In month-over-month comparisons, sales of foreclosed homes declined 56.29 percent in December 2011 compared to December 2010. Short sales and “normal” sales both increased (by 24.41 percent and 14.15 percent, respectively) in December 2011 compared to December 2010. Normal sales (871) accounted for 40.99 percent of all transactions in December 2011, while short sales (785) accounted for 36.94 percent and bank-owned sales (469) made up the remaining 22.07. The Orlando average interest has dropped to a new low once again. Buyers who purchased an Orlando area home in December paid an average interest rate of 3.99 percent, which is the lowest since the ORRA began tracking the statistic in January of 1995. Homes of all types spent an average of 103 days on the market before coming under contract in December 2011, and the average home sold for 92.40 percent of its listing price. In December 2010 those numbers were 97 days and 94.45 percent, respectively.

New York’s factory index up

The New York Fed’s “Empire State” general business conditions index rose to 13.48 from a revised 8.19 in December, topping economists’ expectations of 11.0. It was the highest level since April 2011. New orders climbed to 13.70 from a revised 5.99, while inventories also gained to 6.59 from minus 3.49. The survey of manufacturing plants in the state is one of the earliest monthly guideposts to U.S. factory conditions. Employment gauges showed strength. The index for the number of employees rose to 12.09 from 2.33 and the average employee workweek index climbed to 6.59 from minus 2.33. Manufacturers were also more optimistic about their outlook with the index of business conditions six months ahead rising to its highest level since last January at 54.87 from 45.61.

More failed HAMP trials

Mortgage servicers are putting more failed Home Affordable Modification Program (HAMP) trials through foreclosure than they were one year ago. According to Treasury Department data released last week, 10.6% of the more that 615,000 canceled HAMP trials completed the foreclosure process as of Nov. 1. That’s more than double the 4.4% of failed HAMP trials foreclosed on as of November 2010. While foreclosures are increasing, alternative modifications on these loans are dropping. Of the canceled HAMP trials, 39.7% went through the bank’s own private programs, down from 45.4% over the same time period, according to Treasury data. Foreclosure completions as a percentage of borrowers never accepted into HAMP trials are lower but still increasing as well. Of the 1.8 million borrowers denied a HAMP trial, 7.6% completed the foreclosure process as of Nov. 1, up from 5% one year before. Roughly 26.5% of these borrowers received alternative modifications, which held flat over the last year.

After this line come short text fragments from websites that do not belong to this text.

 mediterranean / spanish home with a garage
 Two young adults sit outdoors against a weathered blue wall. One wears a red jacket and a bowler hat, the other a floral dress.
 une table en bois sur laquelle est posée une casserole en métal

The increase in more foreclosure completions on failed HAMP trials occurred at nearly every large servicing shop participating in the program. Citigroup saw the highest jump. Of the 71,808 HAMP trials it canceled, roughly 13.5% completed the foreclosure process as of Nov. 1, up from 3.1% one year ago. At Ally Financial, the percentage increased to 12.8% from 6.4% over the same period. At JPMorgan Chase, the increase went to 11.3% from 6.2%. And at Bank of America, the largest servicer in the program, 9.3% of failed HAMP trials went through foreclosure compared to just 1.9% the year before. The highest percentage is currently held by OneWest Bank. It foreclosed on more than 19% of its roughly 20,000 failed HAMP trials, up from 10% last year. Interestingly, Wells Fargo has one of the lowest percentages of completed foreclosures on these mods at 6.7%, almost the exact same percentage one year before.

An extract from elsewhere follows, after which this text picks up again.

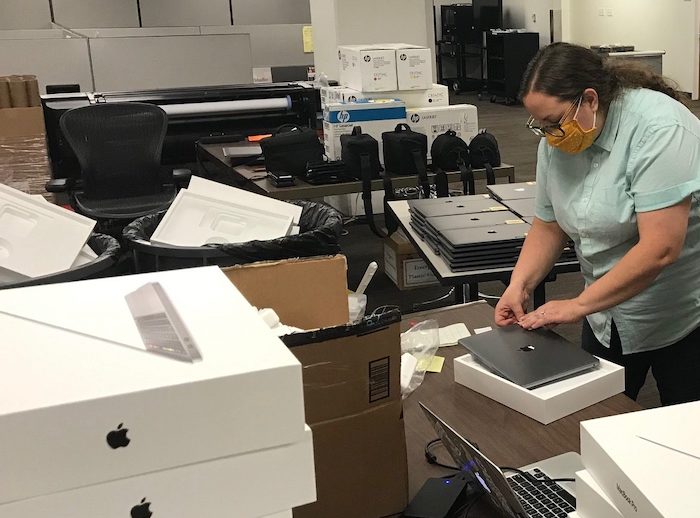 Employee processing laptop checkouts for students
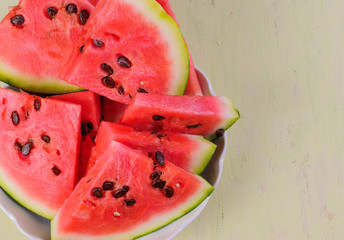 Chunks of watermelon with big seeds lying on a plate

According to the Office of the Comptroller of the Currency, 17% of the 108,000 HAMP modifications began in the second quarter of 2010 went 60 or more days delinquent within one year. That’s compared to a 31% redefault rate for other private programs. D. Corwyn Jackson, whose company The Corwyn Group helps to train housing counselors for foreclosure prevention, said servicers are getting mixed signals from the government-sponsored enterprises Fannie Mae, which administers HAMP, Freddie Mac and other stakeholders across the country. “The servicers are mandated to stick to the agreed upon foreclosure time lines by state,” Jackson said. “But other stakeholders such as nonprofit housing counseling agencies across the nation are requesting servicers during the negotiation to exhaust their loan workout options before starting the foreclosure process.”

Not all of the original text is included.